A particle P is projected vertically upwards from a point A with speed u ms⁻¹ - Edexcel - A-Level Maths Mechanics - Question 5 - 2012 - Paper 1

At time t seconds after projection, P is 19 m above A, so the total height h above ground is 19 + 17.5 = 36.5 m. Using the equation:

$h = ut + \frac{1}{2}(-9.8)t^2$

Substituting h and rearranging:

$36.5 = 21t - 4.9t^2$

This can be rearranged to:

$4.9t^2 - 21t + 36.5 = 0$

Now, using the quadratic formula:

$t = \frac{-b \pm \sqrt{b^2 - 4ac}}{2a}$

where a = 4.9, b = -21, c = 36.5:

$t = \frac{21 \pm \sqrt{(-21)^2 - 4(4.9)(36.5)}}{2(4.9)}$

This results in:

$t = \frac{21 \pm \sqrt{441 - 714.8}}{9.8}$

Calculate to find potential t values giving t ≈ 2.99 or t ≈ 1.30.

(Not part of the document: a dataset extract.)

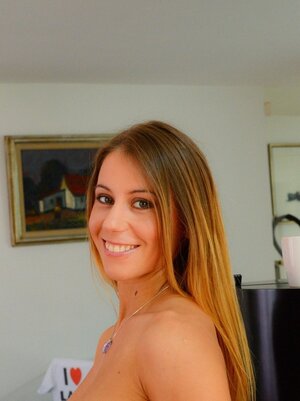 Teenager, Europäisch, Blond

When P reaches the ground, its upward motion stops and it begins to sink, subject to a resistive force. Using Newton's Second Law:

$F_{net} = ma$

Here, the net force acting on P just after reaching the ground is:

$F_{net} = mg - 5000$

Where m = 4 kg and g = 9.8 m/s²:

$F_{net} = (4)(9.8) - 5000 = 39.2 - 5000 = -4960.8 ext{ N}$

Set the net force equal to mass times acceleration:

$-4960.8 = 4a\implies a = -1240.2 m/s^2$

Using the kinematic equation again:

$v^2 = u^2 + 2as$

Where u = 0 (initial speed when sinking starts), v need to be found. Rewriting gives:

$0 = 5000s + 2(-1240.2)s$

Solving this, we find s ≈ 0.32 m (or 32 cm) is the depth that P sinks into the ground before coming to rest.